Les victimes de Lac-Mégantic qui cherchent à obtenir justice ont placé de nouvelles cibles dans la mire de leur requête pour autorisation d’un recours collectif, déposée lundi matin à Sherbrooke. La requête a en effet été amendée pour y inclure de nouveaux intimés, en l’occurrence les clients de la Montreal, Maine and Atlantic Railway, soit des entreprises pétrolières, dont Irving Oil et ses filiales. Irving Oil, établie au Nouveau-Brunswick, est l’une des plus grandes sociétés productrices et exportatrices de produits pétroliers au Canada. La requête amendée reproche aux nouveaux intimés d’avoir omis de prendre des mesures appropriées ou de faire en sorte que le contenu hautement inflammable des wagons-citernes qui ont déraillé dans le centre-ville de Lac-Mégantic était correctement entreposé et transporté en toute sécurité. D’autres entités pourraient être impliquées au fur et à mesure que de nouveaux faits apparaîtront.

3 commentaires
  • Claude Lafontaine - Abonné 19 juillet 2013 19 h 27

    Qu'est-ce qu'on attend du ministère des Transports Fédéral ?
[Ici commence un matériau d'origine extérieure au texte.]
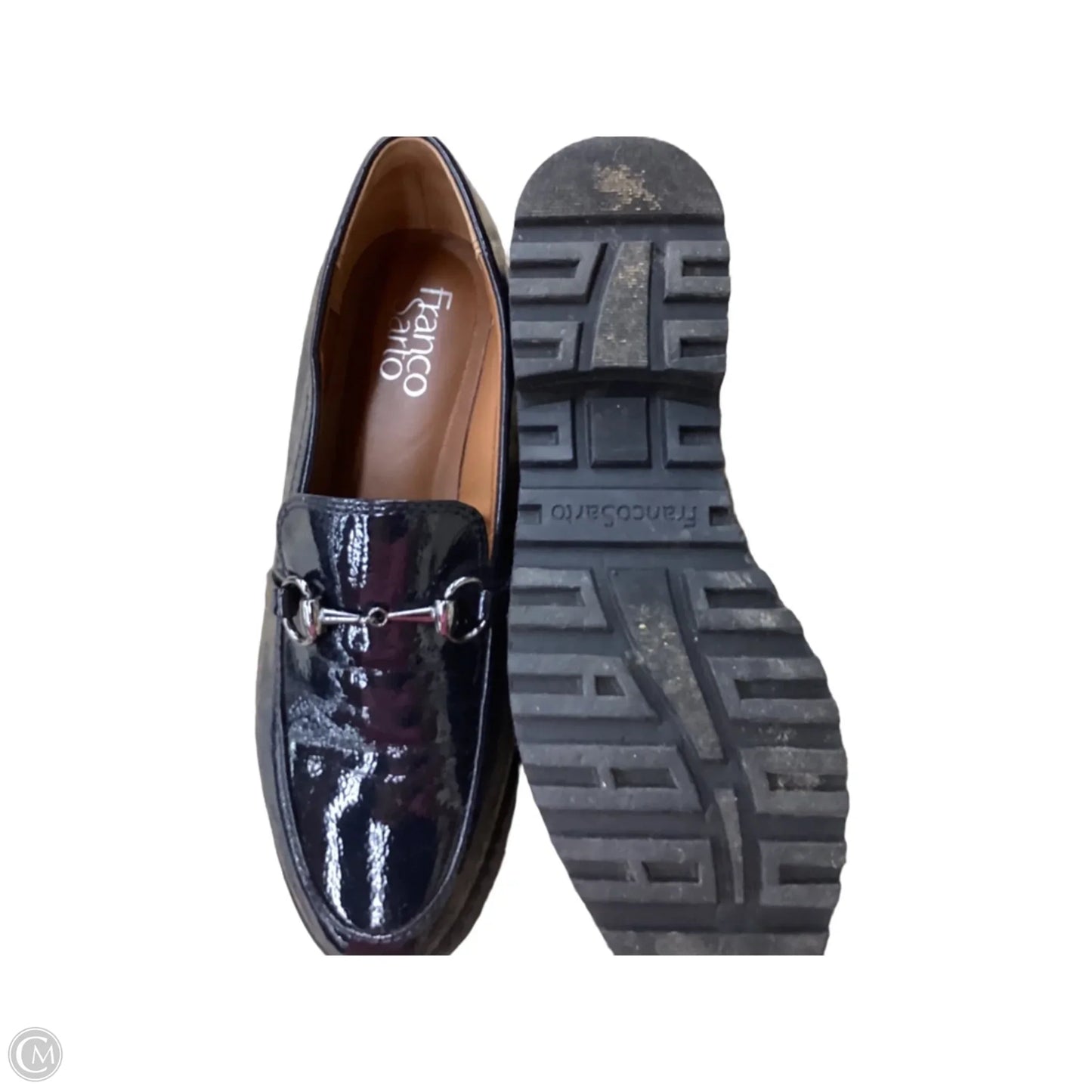 Shoes Flats By Franco Sarto In Navy, Size: 8.5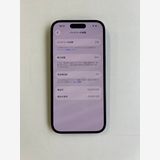 ���� iPhone 15 128GB �֥�å� �Хåƥ꡼90% MTMH3J/A - 4957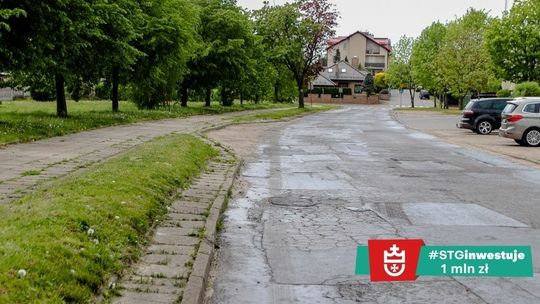 Cztery starogardzkie ulice zostaną wyremontowane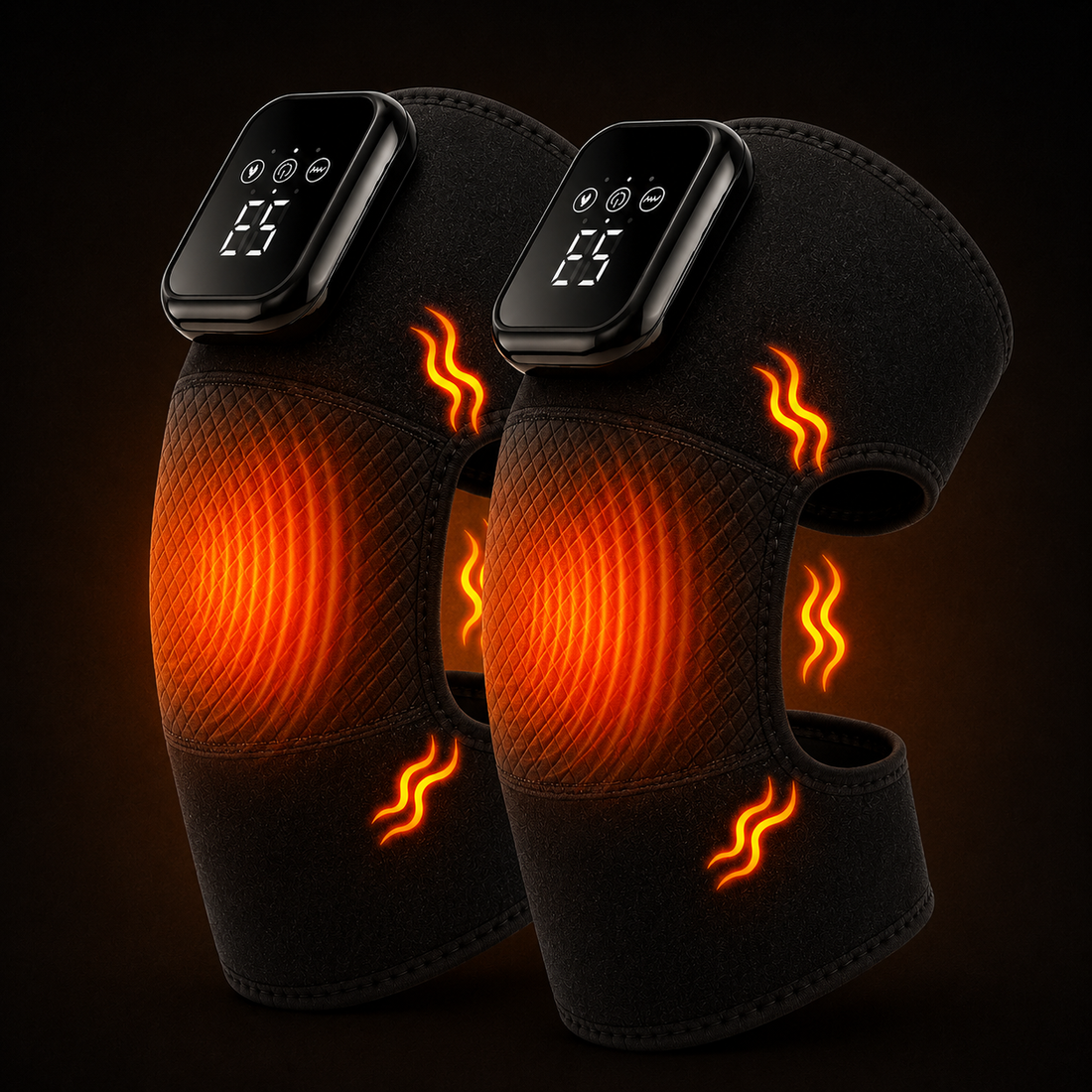 Velora Flex™ — Heated Knee Recovery Wrap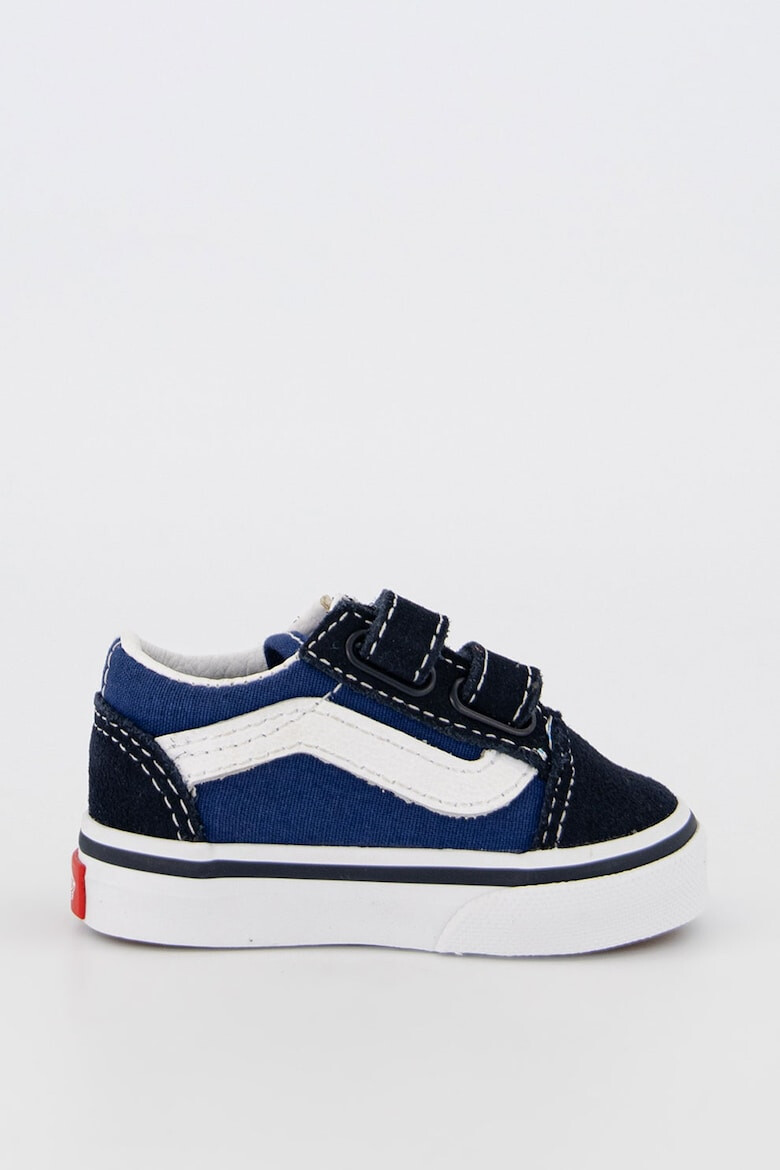 Vans Кецове Old Skool с велур и кожа - Pepit.bg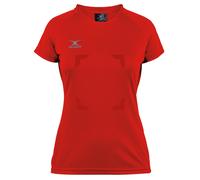 T-shirt femme Gilbert Eclipse Hook and Loop Rouge XL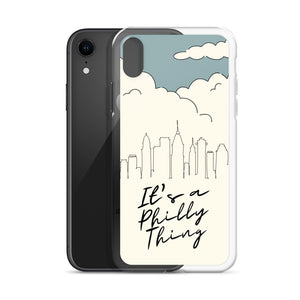 Philly Clear Case for iPhone®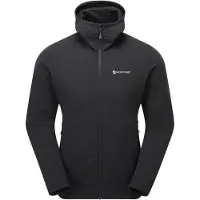 Montane Protium Xt Hoodie, fleecegenser, herre, svart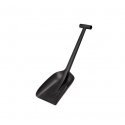 Solid snow shovel for car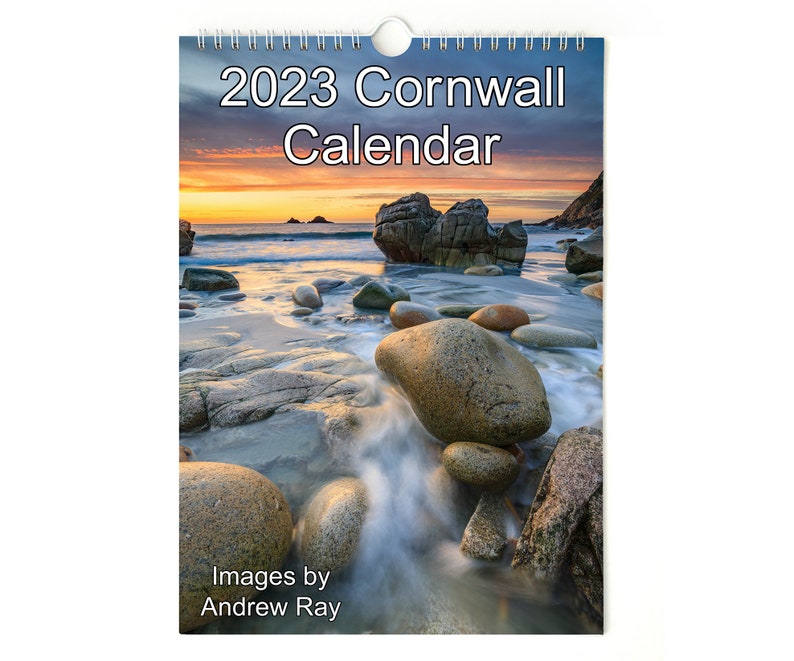 2023 Cornwall Calendar A4 Featuring 13 Cornish Landscape Etsy UK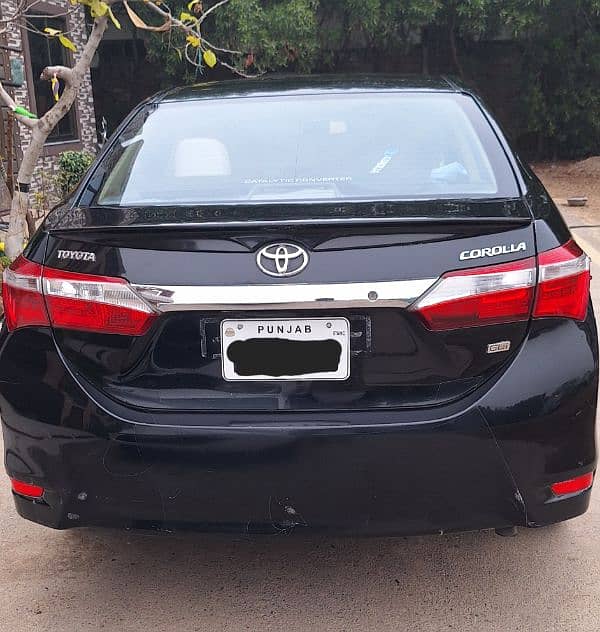 Toyota Corolla XLI 2019 Total Genuine 1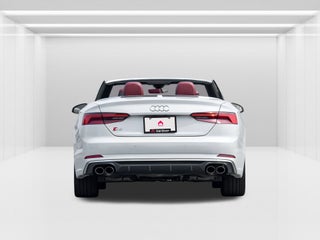 2018 Audi S5 Cabriolet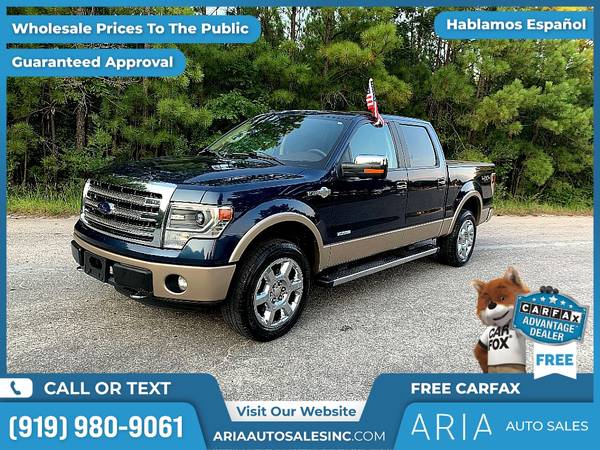 2013 Ford F150 F 150 F-150 King Ranch - - by dealer for sale in Raleigh, NC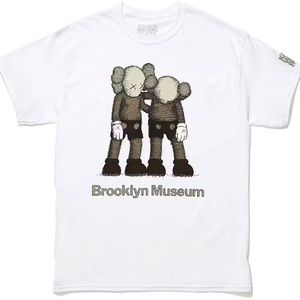 KAWS Brooklyn Museum ALONG THE WAY T-shirt unisex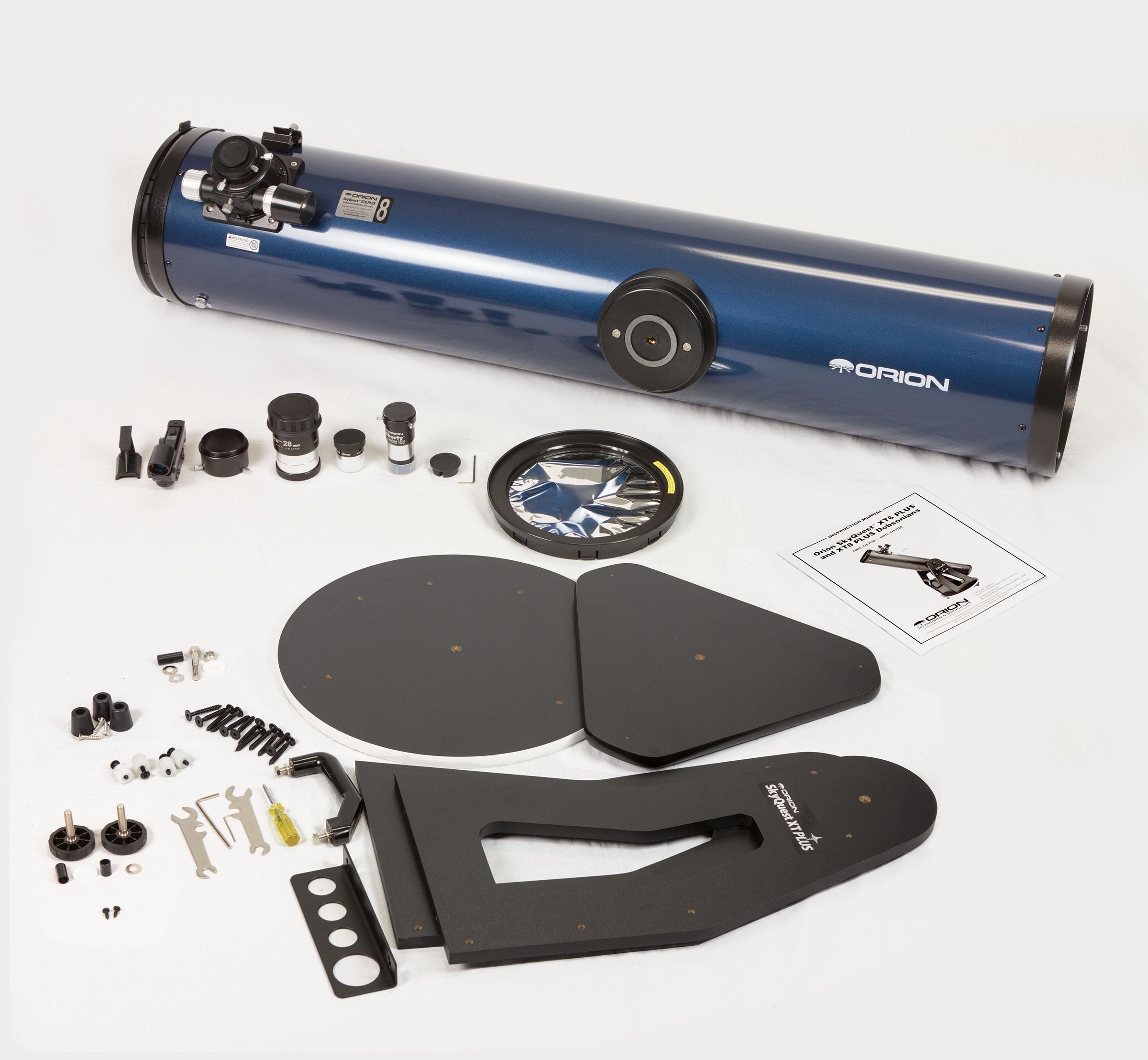 Galleon Orion 8974 SkyQuest XT8 Plus Dobsonian Reflector Telescope Kit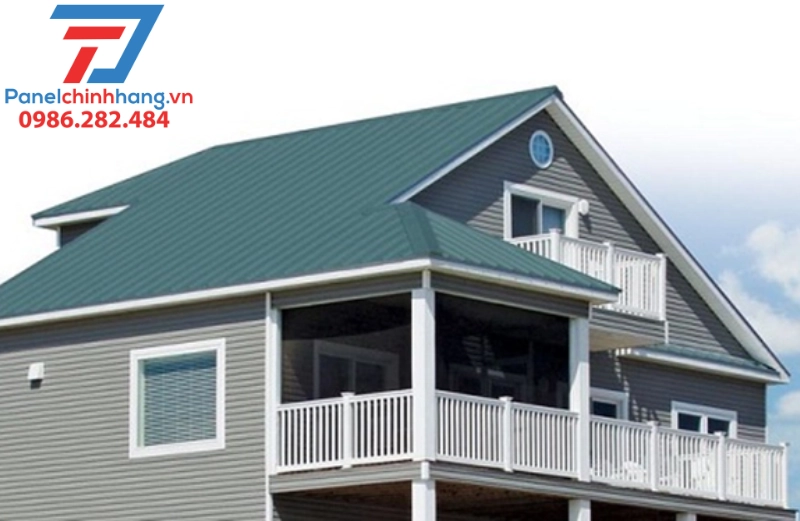 mẫu mái tôn chống nóng đẹp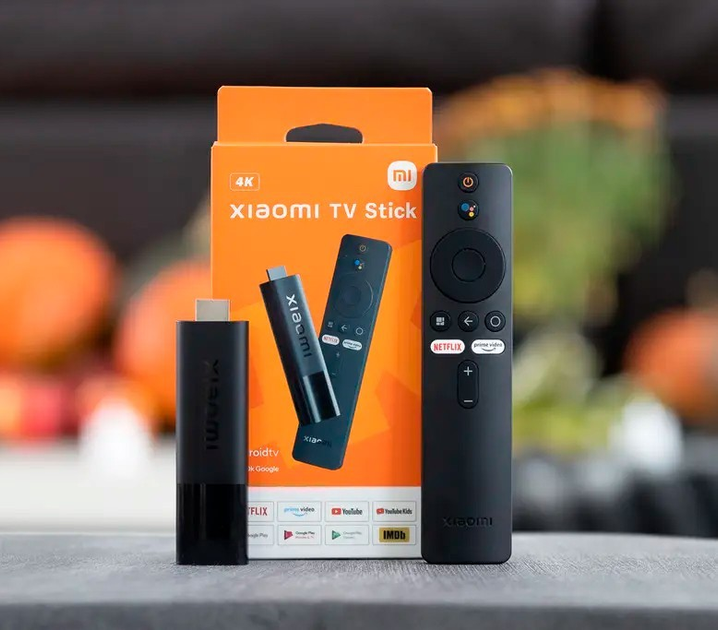 Smart-stick медиаплеер Xiaomi TV Stick 4K MDZ-27-AA (PFJ4122EU) – фото ...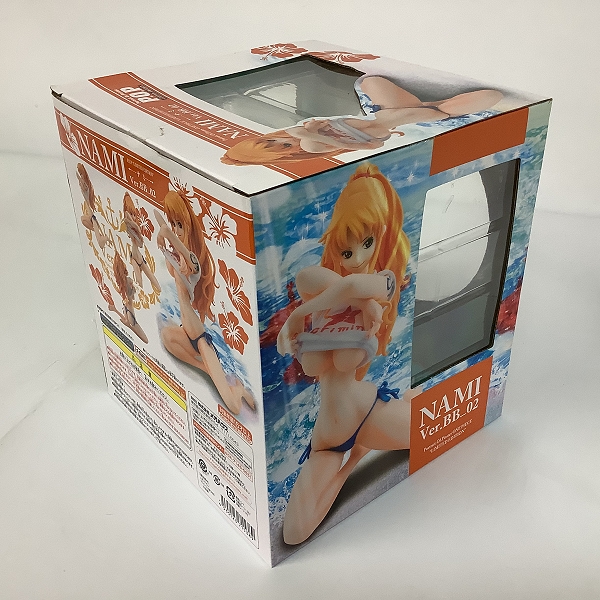 実際に弊社で買取させて頂いた未開封 メガハウス P.O.P LIMITED EDITION/POP ONE PIECE ナミ Ver.BB＿02の画像 3枚目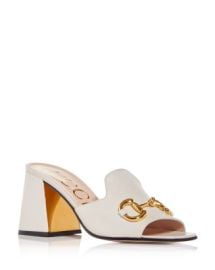 Gucci Womens Ouverture Slide Sandals Bloomingdales at Bloomingdales
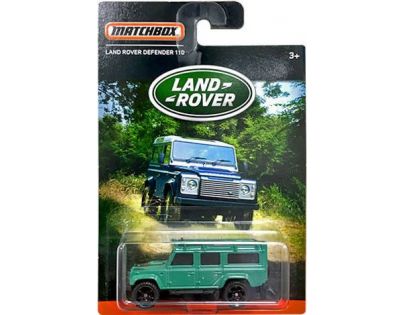 Matchbox angličák Land Rover Defender 110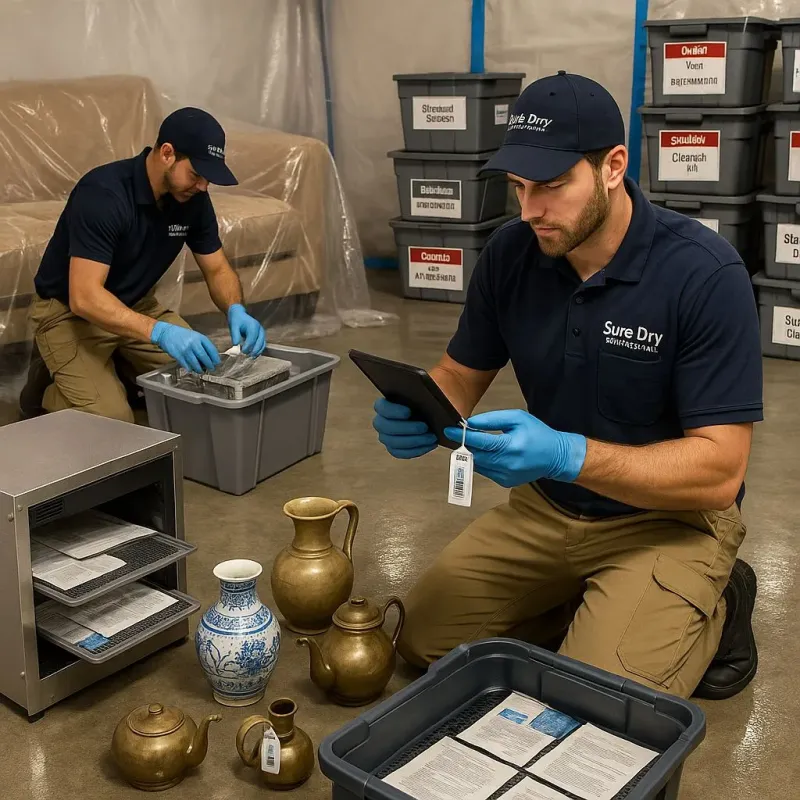 Content Protection and Restoration process in Sebastopol, CA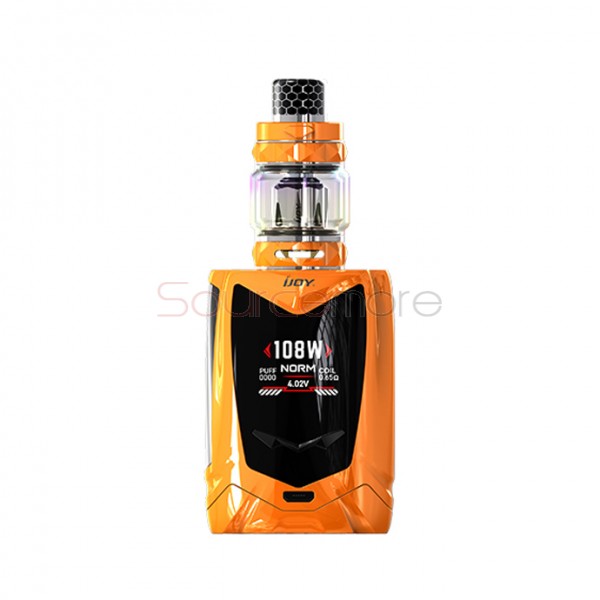 IJOY Avenger Baby 108W Voice Control Kit - Mirror Orange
    Tout le monde cible le Ministère comme l'agent qui peut forcer les changements qui s'imposent au niveau du transport ferroviaires suite à la catastrophe de Lac-Mégantic, mais et nous en apprenons un peu plus tous les jours sur le transport de matières dangereuses au Canada, ils en transisterait plus par camion via les réseaux routiers présentement que par train ou par bateau et c'est sans compter ce qui transite par oléoduc et gazoduc ! Or de tous ces moyens de transport c'est celui par camions qui serait le moins fiable.

    Alors, ce qu'on attend du ministère des Transport Fédéral, ce n'est pas d'appliquer quelques "plasters" sur les plus grosses failles identifiées du coté des transports ferroviaires suite à la catastrophe de Lac-Mégantic, mais plutôt de bien réglementer et contrôler l'ensemble des secteurs de transport : Ferroviaire, Routier, Aérien, par Bateaux, par Gazoduc et Oléoduc, en étant cohérent.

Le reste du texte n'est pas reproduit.